**DESCRIPTION OF THE TASK**
Entries below include pictures. Output exactly the lines from the one with "Introducing the Dobbs" down to the one with "This user-friendly meter", both ends included, and leave the pictures out.

**PROVIDED RECORDS**
<<<<
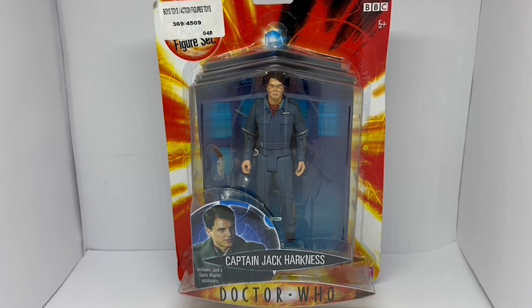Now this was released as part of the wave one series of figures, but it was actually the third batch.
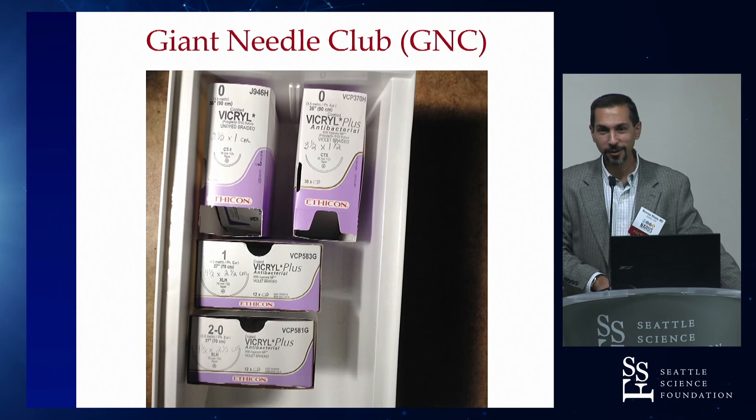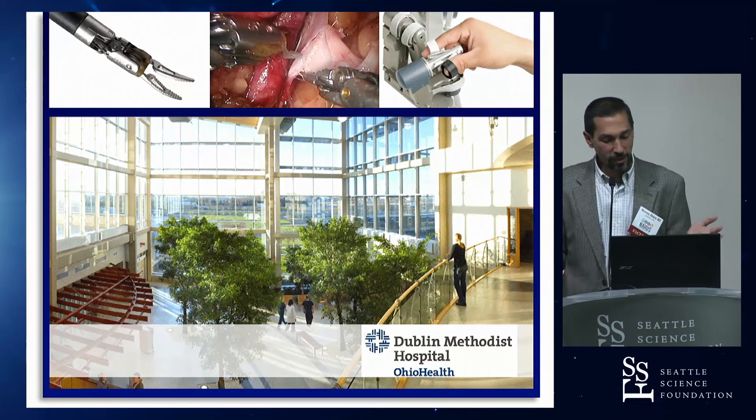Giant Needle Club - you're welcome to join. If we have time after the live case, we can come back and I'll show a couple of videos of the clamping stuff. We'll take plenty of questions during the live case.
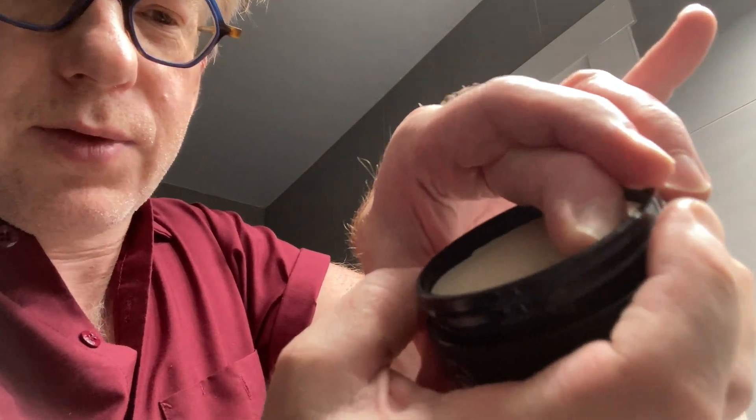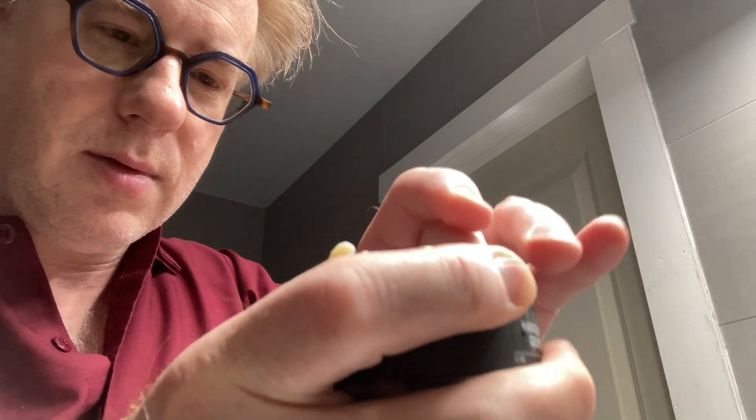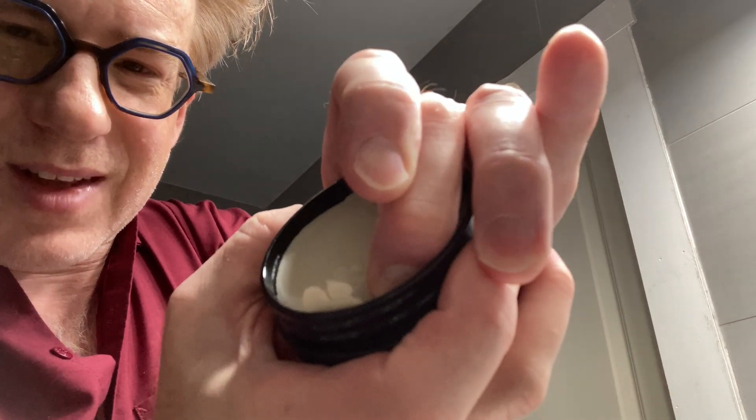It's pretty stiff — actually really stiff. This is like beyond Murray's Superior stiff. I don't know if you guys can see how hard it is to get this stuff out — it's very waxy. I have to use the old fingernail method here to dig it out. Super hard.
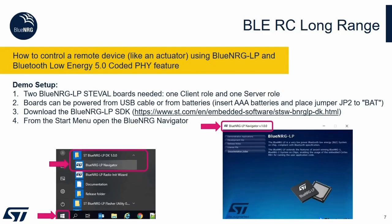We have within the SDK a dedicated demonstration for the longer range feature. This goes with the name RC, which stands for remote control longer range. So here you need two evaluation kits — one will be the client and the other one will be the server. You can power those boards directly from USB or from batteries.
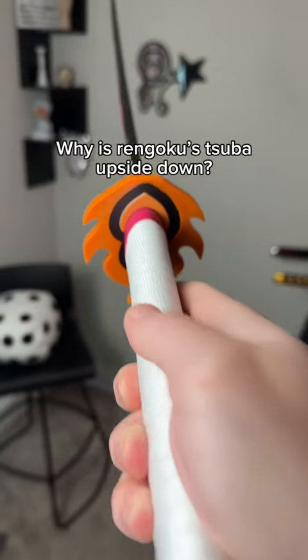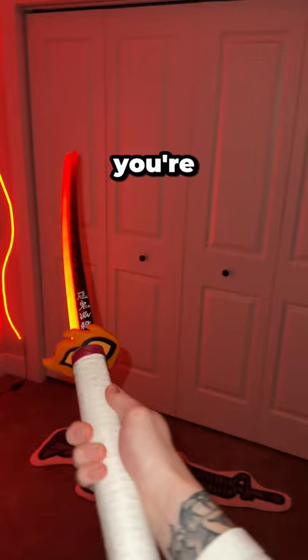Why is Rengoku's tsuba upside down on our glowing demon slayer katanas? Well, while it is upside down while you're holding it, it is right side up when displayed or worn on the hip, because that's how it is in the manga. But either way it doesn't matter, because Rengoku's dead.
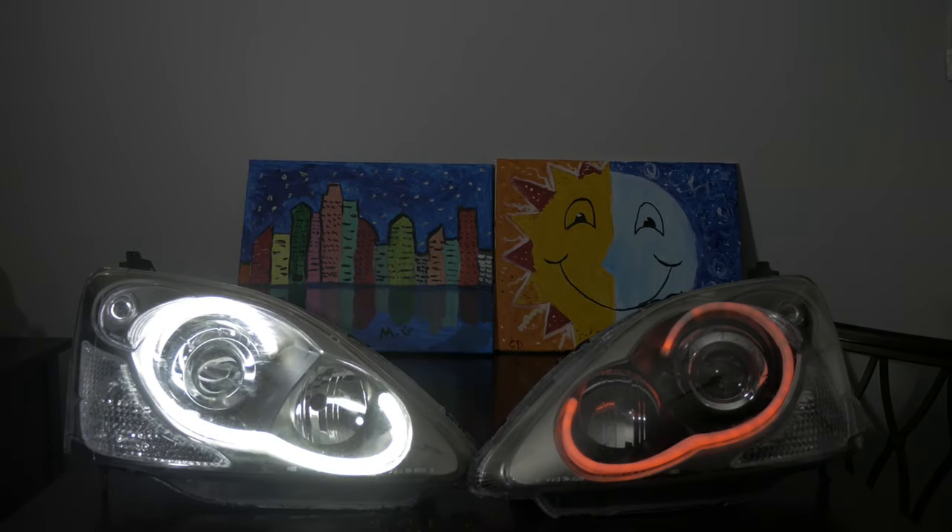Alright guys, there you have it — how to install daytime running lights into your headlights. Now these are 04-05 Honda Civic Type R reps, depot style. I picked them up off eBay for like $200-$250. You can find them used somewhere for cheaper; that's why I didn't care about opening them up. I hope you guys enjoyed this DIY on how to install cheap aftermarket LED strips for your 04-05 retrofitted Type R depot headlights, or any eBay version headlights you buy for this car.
>>>>
<<<<
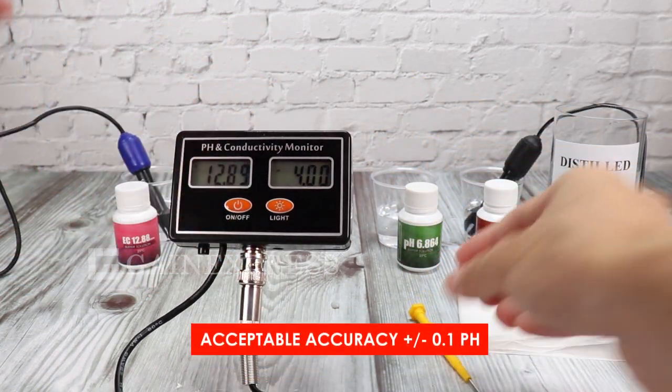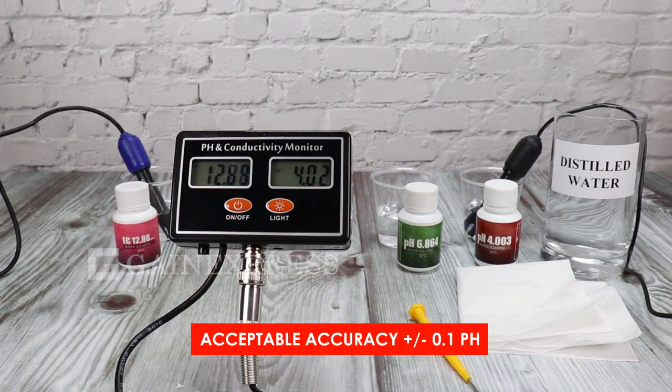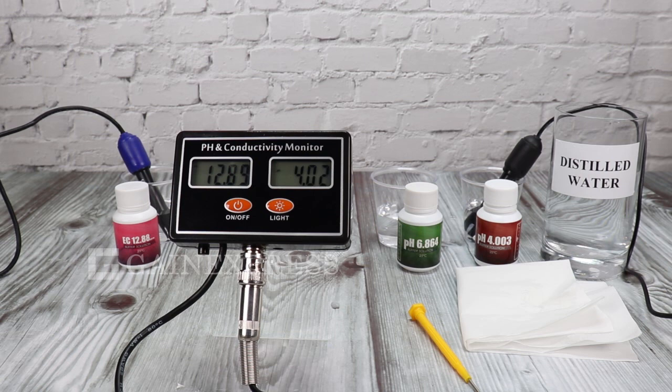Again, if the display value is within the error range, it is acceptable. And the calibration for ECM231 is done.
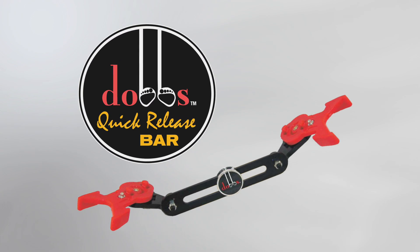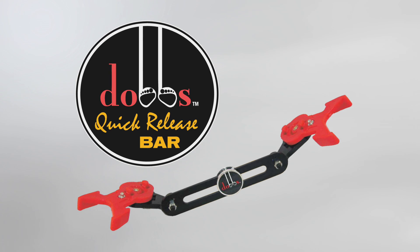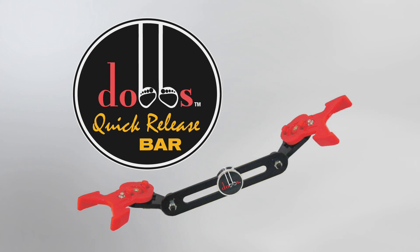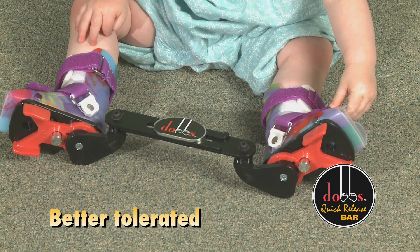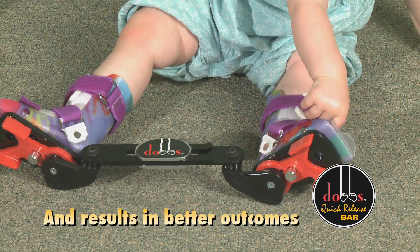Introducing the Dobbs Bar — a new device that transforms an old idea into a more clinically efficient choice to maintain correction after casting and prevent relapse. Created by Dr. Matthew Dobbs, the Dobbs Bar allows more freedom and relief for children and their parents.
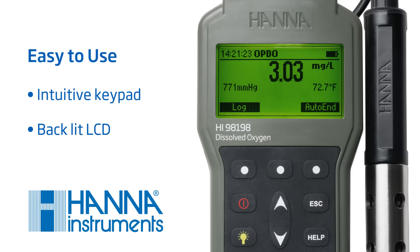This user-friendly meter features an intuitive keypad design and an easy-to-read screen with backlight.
>>>>
<<<<
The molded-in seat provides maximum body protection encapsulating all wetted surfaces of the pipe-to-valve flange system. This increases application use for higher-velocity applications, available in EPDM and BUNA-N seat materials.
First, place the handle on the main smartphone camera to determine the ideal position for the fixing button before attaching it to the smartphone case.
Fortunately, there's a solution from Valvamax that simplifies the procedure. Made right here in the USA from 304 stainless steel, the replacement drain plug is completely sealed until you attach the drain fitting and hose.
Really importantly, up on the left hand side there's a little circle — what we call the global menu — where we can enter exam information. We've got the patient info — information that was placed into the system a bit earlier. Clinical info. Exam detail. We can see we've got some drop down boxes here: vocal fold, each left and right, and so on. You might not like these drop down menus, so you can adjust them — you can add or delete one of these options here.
>>>>
**EXERCISE RESULT**
Introducing the Dobbs Bar — a new device that transforms an old idea into a more clinically efficient choice to maintain correction after casting and prevent relapse. Created by Dr. Matthew Dobbs, the Dobbs Bar allows more freedom and relief for children and their parents.
This user-friendly meter features an intuitive keypad design and an easy-to-read screen with backlight.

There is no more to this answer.